Running \(\mathcal {R}_1\). Now that we have enough information in the encoding to run \(\mathcal {R}_2\), we consider the information we need to add to the encoding to run \(\mathcal {R}_1\) after \(\mathcal {R}_2\) is run. First, we need to provide \(\mathcal {R}_1\) its input labels. Our initial attempt would be to append the input labels of \(\mathcal {R}_1\) (except \(\sigma (1),\sigma (v)\), which are already present) to \(\mathsf {Labels}\). However, some of these input labels to \(\mathcal {R}_1\) might have already been “seen by” \(\mathcal {R}_2\). Since all labels “seen by” \(\mathcal {R}_2\) are in \(\mathsf {T}\), we need a way to figure out which of \(\sigma (i_j)\)’s are in \(\mathsf {T}\). Note that such a label was either queried by \(\mathcal {R}_2\) or an answer to a query of \(\mathcal {R}_2\) (cannot have been an input to \(\mathcal {R}_2\) given the restrictions on \(i_1,\cdots ,i_k,v\)). Suppose q was the sequence number of the query in which \(\sigma (i_j)\) was queried or an answer. The tuple (qbj) is added to the set \(\mathsf {Inputs}\) where b can take values \(\{1,2,3\}\) depending on whether \(\sigma (i_j)\) was the first input label, the second input label or the answer label respectively. This set \(\mathsf {Inputs}\) is a part of the encoding. The rest of the labels \(\sigma (i_j)\), which do not appear in \(\mathsf {T}\), are added to \(\mathsf {T}\) with their pre-images and the labels are appended to \(\mathsf {Labels}\). Note that for all queries of \(\mathcal {R}_1\), it follows from our assumption that the input labels will be in \(\mathsf {T}\). For every surprise, we add a tuple of sequence number and an index in \(\mathsf {T}\) to the set \(\mathsf {Srps}_2\).

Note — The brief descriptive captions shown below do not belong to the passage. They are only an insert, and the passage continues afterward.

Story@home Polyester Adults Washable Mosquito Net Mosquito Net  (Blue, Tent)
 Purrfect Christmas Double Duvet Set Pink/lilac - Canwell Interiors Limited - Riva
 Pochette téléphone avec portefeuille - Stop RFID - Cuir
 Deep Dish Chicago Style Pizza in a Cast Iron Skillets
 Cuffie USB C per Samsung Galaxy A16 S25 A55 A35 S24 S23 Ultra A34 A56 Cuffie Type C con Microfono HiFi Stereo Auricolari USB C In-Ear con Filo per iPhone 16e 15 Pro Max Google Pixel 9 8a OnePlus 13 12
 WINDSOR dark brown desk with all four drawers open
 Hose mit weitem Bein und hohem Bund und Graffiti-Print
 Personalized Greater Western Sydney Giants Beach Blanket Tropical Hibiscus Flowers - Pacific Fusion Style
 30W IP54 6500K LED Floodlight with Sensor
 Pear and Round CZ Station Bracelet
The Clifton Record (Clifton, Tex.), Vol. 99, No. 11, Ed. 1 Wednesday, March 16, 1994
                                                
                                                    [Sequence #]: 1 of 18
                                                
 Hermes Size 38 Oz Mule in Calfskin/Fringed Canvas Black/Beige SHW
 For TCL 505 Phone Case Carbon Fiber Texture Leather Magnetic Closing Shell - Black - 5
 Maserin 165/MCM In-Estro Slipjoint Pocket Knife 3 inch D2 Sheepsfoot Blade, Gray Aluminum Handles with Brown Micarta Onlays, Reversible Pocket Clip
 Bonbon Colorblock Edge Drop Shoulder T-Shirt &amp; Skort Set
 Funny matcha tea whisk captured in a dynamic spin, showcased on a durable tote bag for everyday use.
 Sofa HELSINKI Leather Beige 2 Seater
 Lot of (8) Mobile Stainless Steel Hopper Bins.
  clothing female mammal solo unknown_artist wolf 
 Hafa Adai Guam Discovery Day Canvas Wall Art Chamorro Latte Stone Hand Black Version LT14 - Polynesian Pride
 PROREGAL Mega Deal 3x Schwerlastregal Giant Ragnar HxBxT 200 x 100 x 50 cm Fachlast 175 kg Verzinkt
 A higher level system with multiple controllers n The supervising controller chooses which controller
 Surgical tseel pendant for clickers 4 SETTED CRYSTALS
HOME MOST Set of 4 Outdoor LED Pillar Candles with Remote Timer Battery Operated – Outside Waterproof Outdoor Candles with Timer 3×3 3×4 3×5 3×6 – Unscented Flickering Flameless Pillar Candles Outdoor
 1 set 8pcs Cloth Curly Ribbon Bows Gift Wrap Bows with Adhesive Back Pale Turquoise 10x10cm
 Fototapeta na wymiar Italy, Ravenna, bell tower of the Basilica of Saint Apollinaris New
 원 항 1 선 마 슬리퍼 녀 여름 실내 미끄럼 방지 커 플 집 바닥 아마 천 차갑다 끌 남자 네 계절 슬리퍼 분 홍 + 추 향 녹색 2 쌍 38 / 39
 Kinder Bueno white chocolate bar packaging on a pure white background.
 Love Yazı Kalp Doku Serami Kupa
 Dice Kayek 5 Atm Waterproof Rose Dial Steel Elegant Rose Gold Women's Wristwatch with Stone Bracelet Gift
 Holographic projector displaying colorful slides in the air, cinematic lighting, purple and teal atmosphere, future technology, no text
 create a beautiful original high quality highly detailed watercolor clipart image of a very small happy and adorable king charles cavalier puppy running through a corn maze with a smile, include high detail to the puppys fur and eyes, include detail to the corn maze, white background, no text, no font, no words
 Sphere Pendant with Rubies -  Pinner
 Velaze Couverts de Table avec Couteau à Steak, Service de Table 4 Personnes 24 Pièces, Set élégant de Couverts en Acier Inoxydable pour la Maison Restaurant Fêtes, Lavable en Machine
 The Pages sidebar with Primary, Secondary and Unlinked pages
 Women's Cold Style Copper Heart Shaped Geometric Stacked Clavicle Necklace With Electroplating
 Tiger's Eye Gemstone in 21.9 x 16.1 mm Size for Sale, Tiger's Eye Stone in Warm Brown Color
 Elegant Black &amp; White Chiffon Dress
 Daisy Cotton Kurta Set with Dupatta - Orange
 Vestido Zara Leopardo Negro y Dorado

Relaxing the assumption. When we allow \(\mathcal {R}_2\) to query labels it has not seen before or \(\mathcal {R}_1\) has not seen, there are two issues. First, we need to add a tuple for the label in \(\mathsf {T}\) (since \(\mathsf {T}\), by definition contains a tuple for all labels queried by \(\mathcal {R}_2\)). We solve this issue by adding the tuple made of the label and its pre-image. We have no hope of recovering the pre-image later, hence, we append the pre-image to a list named \(\mathsf {Vals}\). This list needs to be a part of the encoding since the pre-image of the label needs to be figured out to be added to \(\mathsf {T}\) during decoding. For queries of \(\mathcal {R}_1\), if the input label is not present in \(\mathsf {T}\), we do the same thing. The second issue that comes up when we relax the assumption is that we need to distinguish whether an input label was in \(\mathcal {Z}\) or not. We solve this issue by maintaining a set of tuples named \(\mathsf {Free}\). For all labels in \(\mathcal {Z}\) that are not an input label to \(\mathcal {R}_1\), we add the tuple consisting of the sequence number of the query of \(\mathcal {R}_2\) and b to \(\mathsf {Free}\) where b set to 1 indicates it was the first input label and b set to 2 indicates it was the second input label.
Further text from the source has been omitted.